▸ PROBLEM TO SOLVE: The lines from the start of the records through the one containing "Modern laundry room" are to be restated word for word; please include both ends.
━━ SUPPLIED ENTRIES
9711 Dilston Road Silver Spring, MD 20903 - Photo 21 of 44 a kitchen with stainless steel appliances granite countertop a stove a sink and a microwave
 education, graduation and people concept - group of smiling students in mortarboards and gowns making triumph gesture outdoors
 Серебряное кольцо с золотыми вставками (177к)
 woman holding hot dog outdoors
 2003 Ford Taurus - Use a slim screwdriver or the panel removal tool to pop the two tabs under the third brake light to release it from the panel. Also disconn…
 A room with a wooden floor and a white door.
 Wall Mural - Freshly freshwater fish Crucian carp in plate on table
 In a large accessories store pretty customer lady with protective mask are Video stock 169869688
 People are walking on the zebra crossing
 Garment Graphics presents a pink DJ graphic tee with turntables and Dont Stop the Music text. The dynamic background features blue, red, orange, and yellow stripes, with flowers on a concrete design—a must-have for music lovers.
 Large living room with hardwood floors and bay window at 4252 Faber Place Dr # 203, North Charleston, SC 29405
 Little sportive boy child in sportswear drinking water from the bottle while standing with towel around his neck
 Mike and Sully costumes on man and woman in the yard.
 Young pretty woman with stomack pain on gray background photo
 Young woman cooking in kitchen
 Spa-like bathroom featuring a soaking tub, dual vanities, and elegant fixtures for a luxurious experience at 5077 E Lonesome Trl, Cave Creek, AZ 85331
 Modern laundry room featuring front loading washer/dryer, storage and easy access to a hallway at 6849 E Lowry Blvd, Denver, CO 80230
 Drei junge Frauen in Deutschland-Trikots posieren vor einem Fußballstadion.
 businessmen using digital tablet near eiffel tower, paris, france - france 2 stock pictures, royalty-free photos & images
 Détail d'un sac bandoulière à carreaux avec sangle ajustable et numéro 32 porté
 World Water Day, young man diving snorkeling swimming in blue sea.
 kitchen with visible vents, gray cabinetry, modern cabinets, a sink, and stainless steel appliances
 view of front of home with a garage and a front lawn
━━━━
▸ ANSWER TO THIS EXERCISE:
9711 Dilston Road Silver Spring, MD 20903 - Photo 21 of 44 a kitchen with stainless steel appliances granite countertop a stove a sink and a microwave
 education, graduation and people concept - group of smiling students in mortarboards and gowns making triumph gesture outdoors
 Серебряное кольцо с золотыми вставками (177к)
 woman holding hot dog outdoors
 2003 Ford Taurus - Use a slim screwdriver or the panel removal tool to pop the two tabs under the third brake light to release it from the panel. Also disconn…
 A room with a wooden floor and a white door.
 Wall Mural - Freshly freshwater fish Crucian carp in plate on table
 In a large accessories store pretty customer lady with protective mask are Video stock 169869688
 People are walking on the zebra crossing
 Garment Graphics presents a pink DJ graphic tee with turntables and Dont Stop the Music text. The dynamic background features blue, red, orange, and yellow stripes, with flowers on a concrete design—a must-have for music lovers.
 Large living room with hardwood floors and bay window at 4252 Faber Place Dr # 203, North Charleston, SC 29405
 Little sportive boy child in sportswear drinking water from the bottle while standing with towel around his neck
 Mike and Sully costumes on man and woman in the yard.
 Young pretty woman with stomack pain on gray background photo
 Young woman cooking in kitchen
 Spa-like bathroom featuring a soaking tub, dual vanities, and elegant fixtures for a luxurious experience at 5077 E Lonesome Trl, Cave Creek, AZ 85331
 Modern laundry room featuring front loading washer/dryer, storage and easy access to a hallway at 6849 E Lowry Blvd, Denver, CO 80230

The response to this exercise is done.